The ESFA will contact all eligible institutions to ask if they would like to be included in the pilot.

The deadline to opt in is May 25.

“We will inform institutions about their funding structure allocation after they have opted in,” a spokesperson said.

It’s designed to boost achievement for learners with a grade three or lower at GCSE maths, and is open to post-16 providers in areas identified by the Department for Education as a category five or six area according to its ‘Achieving excellence areas’ methodology.

These are areas that have been identified as having low standards for learners and a poor capacity to improve.

The cash will be in addition to providers’ normal 16-to-19 allocations.

The pilot, which will run for two years, aims to “identify how the additional funding is used by institutions, and to build up an evidence base on which activities lead to improvements in teaching and learning” and to “support some of the most disadvantaged areas of the country with additional funding”.

It will test whether it’s more effective for institutions to be given all the cash upfront, or after a learner improves their maths grade to at least a grade four in the summer of 2020, or a combination of the two.

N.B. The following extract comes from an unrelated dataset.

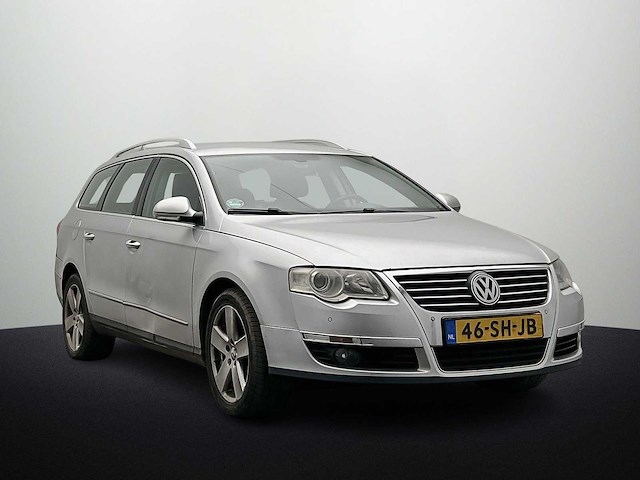 Volkswagen passat variant 2.0 fsi highline 2006 - afbeelding 15 van  21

Providers will have “flexibility over how to spend the additional funding”, which could include more teaching hours, smaller class sizes, or use of technology.

But, the guidance warns, “you should only use programmes and approaches that are known to be effective”.

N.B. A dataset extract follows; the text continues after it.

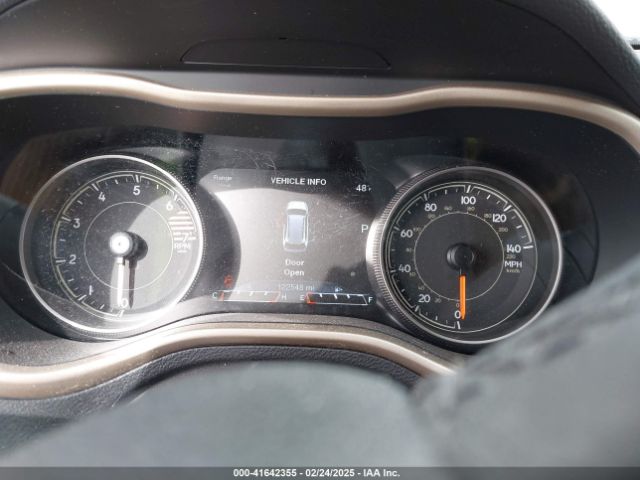 1C4PJMDB7JD571347 Jeep Cherokee Limited 4x4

The pilot is being run on an opt-in basis, and the ESFA will contact all eligible institutions to invite them to take part.

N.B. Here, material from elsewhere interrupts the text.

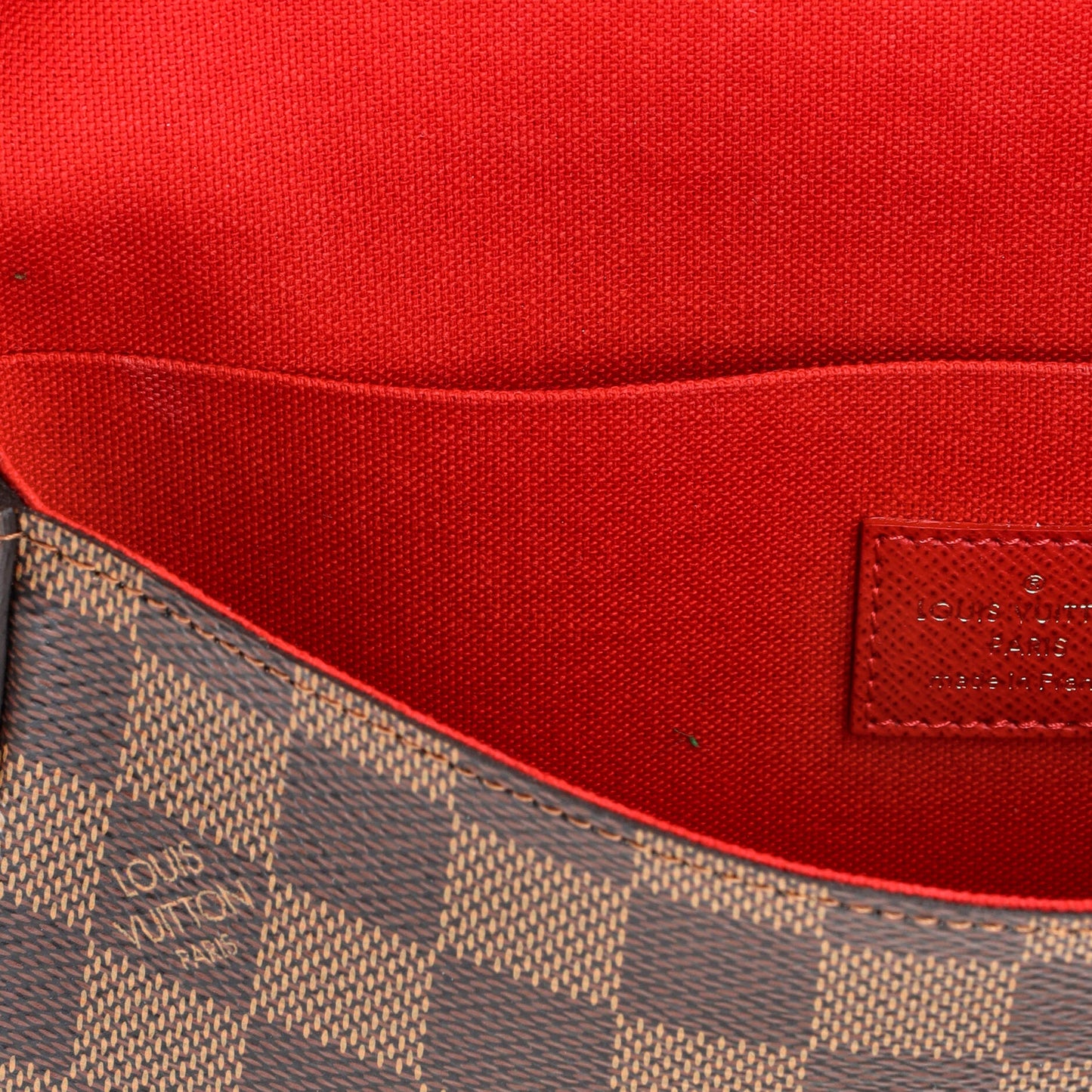 Louis Vuitton Felicie Pochette Damier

Since 2013, all 16- to 19-year-olds without at least a grade C in GCSE maths or English have had to enrol in courses alongside their main programme of study.

This requirement was tightened in 2015 to require all of those with a grade D – now a 3 – in those subjects to sit a GCSE course, rather than an equivalent stepping-stone course such as functional skills.

But after GCSE results showed huge numbers of learners aged 17 and older failed to improve their grades in resits, many in the sector renewed calls on the government to scrap the policy.

FE colleges have struggled to fund the extra maths teaching requirements.

The Treasury announced last November that £8.5 million had been set aside to pilot “innovative approaches” to improving the controversial GCSE maths resit policy.

The budget statement revealed the government wants to find ways to improve resit outcomes for learners, by launching a new pilot scheme.

“The budget announces support for maths, given its crucial role in preparing the next generation for jobs in the new economy,” the document said.

“The government will test innovative approaches to improve GCSE maths resit outcomes by launching a £8.5 million pilot, alongside £40 million to establish Further Education Centres of Excellence across the country to train maths teachers and spread best practice.”